When a seller calls for Highest and Best offers, the highest offer may not be the best offer. Cash is king sometimes, but other factors come into play in a Highest and Best situation—net to the seller, timing of closing, and the least number of obstacles to successful closing.
1. Bottom dollar: Whether it is a financed deal or a cash deal, the seller walks away with cash at the end of the transaction in all instances except contract for deed (seller finance), so the cash that is king is the offer which will result in the most money to the seller at closing. A cash offer which is significantly lower than a financed offer will result in a lower payout to the seller; and in that instance, the cash offer would not be the best offer.
2. Date of closing: Time is money, so closing early is always a factor. Not only is the cost of holding the property important, but the longer the seller has to hold the property, the greater the risk that something will keep it from closing.
3. Quality of financing: The method of finance which presents the fewest number of obstacles to closing is the preferred method. Conventional financing with a significant downpayment would be an easier closing than FHA or VA financing. A seller may be willing to accept a lower offer than to risk FHA or VA predications. (Predications are issues that come up during appraisal which must be repaired prior to close.) The quality of the buyer’s pre-approval or pre-qualification letter from the lender may come into play here, also. A lender who states that a credit check has been completed, for instance, has provided a stronger letter than one who merely “pre-qualifies” the buyer.
4. Seller-paid concessions: Concessions, such as closing costs, lessen the final amount a seller will get. A no concession offer of $100,000 will net the seller more than a $102,500 offer with 3% concessions. Even if that were not the case, a no concession offer may be more attractive to a seller, because buyers who can pay their own closing costs are usually more qualified buyers and present less of a risk to the seller. Additionally, buyers who cannot even pay their own closing costs will often ask for additional concessions or repairs during the period from contract to closing.

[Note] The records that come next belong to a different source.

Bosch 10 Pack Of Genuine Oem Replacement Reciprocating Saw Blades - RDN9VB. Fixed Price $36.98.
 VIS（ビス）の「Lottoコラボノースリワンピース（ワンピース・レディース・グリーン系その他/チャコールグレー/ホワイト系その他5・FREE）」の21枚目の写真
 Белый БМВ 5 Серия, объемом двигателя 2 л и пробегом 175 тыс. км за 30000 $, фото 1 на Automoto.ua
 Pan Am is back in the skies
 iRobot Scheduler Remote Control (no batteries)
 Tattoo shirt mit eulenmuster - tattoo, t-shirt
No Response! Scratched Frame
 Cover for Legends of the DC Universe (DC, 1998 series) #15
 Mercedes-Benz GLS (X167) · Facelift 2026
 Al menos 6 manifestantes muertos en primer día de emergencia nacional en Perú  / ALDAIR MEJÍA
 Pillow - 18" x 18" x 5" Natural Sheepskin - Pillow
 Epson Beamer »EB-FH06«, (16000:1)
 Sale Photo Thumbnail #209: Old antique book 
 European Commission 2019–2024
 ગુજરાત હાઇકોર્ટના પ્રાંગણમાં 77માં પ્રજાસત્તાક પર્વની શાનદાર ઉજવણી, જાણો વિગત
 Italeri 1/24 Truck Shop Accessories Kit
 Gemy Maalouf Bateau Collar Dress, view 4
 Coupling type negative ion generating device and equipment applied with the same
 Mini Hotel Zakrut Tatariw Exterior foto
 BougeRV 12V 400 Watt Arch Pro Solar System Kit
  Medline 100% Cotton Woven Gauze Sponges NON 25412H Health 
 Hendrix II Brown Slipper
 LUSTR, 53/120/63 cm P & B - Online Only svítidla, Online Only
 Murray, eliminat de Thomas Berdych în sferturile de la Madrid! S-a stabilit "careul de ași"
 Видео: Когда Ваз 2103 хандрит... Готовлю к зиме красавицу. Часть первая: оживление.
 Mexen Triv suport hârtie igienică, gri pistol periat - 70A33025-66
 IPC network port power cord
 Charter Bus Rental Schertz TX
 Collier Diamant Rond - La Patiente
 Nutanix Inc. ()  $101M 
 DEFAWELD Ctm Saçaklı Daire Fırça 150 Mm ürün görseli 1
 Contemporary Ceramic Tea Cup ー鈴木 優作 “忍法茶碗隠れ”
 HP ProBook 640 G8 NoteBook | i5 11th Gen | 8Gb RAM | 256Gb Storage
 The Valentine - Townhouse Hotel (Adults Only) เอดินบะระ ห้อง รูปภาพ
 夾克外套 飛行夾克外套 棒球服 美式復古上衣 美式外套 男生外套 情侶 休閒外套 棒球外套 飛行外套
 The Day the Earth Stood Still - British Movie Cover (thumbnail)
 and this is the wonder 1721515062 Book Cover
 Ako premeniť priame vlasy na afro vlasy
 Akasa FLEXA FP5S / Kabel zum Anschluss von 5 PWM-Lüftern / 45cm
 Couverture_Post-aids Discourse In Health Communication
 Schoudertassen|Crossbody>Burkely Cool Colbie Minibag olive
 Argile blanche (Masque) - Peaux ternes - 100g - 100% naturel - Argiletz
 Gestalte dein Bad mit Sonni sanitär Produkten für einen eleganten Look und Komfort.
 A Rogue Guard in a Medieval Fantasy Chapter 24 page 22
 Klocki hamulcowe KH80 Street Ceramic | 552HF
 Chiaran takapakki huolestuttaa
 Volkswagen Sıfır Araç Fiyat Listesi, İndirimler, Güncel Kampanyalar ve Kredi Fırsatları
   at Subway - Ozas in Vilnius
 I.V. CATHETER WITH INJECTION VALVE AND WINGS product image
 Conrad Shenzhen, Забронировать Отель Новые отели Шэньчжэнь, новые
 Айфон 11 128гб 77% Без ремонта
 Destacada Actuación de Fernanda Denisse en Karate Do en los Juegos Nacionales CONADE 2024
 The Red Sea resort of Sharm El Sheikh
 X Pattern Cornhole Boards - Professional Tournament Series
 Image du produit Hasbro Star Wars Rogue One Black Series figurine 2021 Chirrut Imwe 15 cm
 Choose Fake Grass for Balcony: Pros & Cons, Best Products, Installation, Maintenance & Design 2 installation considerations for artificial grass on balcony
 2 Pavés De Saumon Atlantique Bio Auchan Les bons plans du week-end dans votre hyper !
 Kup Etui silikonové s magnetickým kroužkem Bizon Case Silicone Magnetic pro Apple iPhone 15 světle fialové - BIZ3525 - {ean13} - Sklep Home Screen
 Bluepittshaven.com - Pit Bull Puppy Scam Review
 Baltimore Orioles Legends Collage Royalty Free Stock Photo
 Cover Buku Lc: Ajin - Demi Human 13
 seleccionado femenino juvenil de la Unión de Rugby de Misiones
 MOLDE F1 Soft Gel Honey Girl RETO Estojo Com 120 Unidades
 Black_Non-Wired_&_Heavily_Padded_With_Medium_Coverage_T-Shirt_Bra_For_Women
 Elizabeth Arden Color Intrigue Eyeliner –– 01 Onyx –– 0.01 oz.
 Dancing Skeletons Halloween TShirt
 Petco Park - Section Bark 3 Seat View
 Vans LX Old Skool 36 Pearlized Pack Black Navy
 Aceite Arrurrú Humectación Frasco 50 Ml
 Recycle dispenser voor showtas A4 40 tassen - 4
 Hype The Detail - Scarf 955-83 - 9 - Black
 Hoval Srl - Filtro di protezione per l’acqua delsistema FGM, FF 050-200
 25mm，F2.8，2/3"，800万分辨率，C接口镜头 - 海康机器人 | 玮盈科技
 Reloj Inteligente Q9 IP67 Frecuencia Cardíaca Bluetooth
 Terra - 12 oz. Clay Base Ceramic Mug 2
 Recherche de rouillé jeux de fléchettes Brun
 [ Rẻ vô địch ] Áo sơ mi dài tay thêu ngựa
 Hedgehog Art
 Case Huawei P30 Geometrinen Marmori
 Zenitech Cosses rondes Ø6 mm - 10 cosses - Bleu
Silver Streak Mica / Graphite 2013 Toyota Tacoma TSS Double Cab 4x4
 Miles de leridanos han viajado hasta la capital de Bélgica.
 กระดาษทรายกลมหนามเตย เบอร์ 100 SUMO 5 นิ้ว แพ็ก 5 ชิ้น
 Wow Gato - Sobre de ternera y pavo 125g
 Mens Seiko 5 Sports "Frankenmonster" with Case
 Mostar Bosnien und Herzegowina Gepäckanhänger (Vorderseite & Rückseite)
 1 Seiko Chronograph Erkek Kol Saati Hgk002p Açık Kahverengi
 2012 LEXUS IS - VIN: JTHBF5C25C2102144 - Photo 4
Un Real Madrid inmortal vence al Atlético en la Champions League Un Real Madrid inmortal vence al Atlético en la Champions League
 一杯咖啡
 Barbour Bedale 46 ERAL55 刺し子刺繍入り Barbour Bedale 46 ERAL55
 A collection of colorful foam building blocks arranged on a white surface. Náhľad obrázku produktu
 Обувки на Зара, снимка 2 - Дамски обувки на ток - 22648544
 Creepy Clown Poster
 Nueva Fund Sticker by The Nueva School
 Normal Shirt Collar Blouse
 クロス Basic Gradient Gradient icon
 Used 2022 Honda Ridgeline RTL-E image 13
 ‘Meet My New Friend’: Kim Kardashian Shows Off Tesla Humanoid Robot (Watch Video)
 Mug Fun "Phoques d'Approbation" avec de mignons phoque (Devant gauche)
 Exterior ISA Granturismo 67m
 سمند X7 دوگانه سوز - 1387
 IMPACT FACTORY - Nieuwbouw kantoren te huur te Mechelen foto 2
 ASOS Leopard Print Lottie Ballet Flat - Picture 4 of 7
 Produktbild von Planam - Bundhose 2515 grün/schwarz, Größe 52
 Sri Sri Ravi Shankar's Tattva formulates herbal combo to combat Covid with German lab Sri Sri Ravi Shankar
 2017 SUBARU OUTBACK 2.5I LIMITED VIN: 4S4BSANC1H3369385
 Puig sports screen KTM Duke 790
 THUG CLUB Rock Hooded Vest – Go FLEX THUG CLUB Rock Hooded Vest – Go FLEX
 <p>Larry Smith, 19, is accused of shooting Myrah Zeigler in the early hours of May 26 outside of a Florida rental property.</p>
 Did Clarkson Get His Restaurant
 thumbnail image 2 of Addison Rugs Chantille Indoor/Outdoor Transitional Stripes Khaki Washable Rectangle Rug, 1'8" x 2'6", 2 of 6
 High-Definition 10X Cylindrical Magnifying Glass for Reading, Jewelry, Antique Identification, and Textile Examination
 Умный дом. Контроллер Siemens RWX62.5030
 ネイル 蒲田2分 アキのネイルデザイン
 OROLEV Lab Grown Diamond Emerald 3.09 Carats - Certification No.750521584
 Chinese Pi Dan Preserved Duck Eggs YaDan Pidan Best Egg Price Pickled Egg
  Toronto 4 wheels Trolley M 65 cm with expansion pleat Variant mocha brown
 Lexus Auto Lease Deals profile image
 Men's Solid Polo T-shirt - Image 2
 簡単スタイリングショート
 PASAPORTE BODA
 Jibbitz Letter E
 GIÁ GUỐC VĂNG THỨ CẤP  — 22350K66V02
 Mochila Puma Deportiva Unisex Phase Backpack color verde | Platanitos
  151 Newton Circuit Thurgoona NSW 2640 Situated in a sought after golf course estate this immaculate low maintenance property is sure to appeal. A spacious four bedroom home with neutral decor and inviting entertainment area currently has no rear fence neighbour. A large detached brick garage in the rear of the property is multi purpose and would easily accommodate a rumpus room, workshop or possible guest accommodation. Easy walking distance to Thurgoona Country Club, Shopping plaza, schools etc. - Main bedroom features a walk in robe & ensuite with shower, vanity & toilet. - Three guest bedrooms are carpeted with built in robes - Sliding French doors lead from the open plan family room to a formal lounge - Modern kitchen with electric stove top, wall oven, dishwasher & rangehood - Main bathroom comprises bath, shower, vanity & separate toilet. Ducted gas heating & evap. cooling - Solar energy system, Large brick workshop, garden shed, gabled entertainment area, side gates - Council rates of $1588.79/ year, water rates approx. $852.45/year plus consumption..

5. Inspections: An inspection contingency gives the buyer an “out.” The fewest number of “outs” for the buyer and the shortest duration for any “outs” is the best deal for the seller, so an offer that waives inspections would be attractive to a seller. Investors often win out over owner occupants by waiving inspections entirely or presenting very limited inspection timeframes, since they are prepared to make repairs and often do their own inspections prior to making an offer.
A cash deal with no contingencies and a short closing is, of course, what every seller prefers. Usually, however, all five of the above factors come into play.
Author note: In some sales of bank-owned properties, especially Fannie Mae, Freddie Mac, and HUD properties, owner occupant offers are given preference over investor offers. Those properties have a protected timeframe during which only owner occupant offers will be accepted. Beyond that timeframe, however, the buyer status is only one of the factors being considered.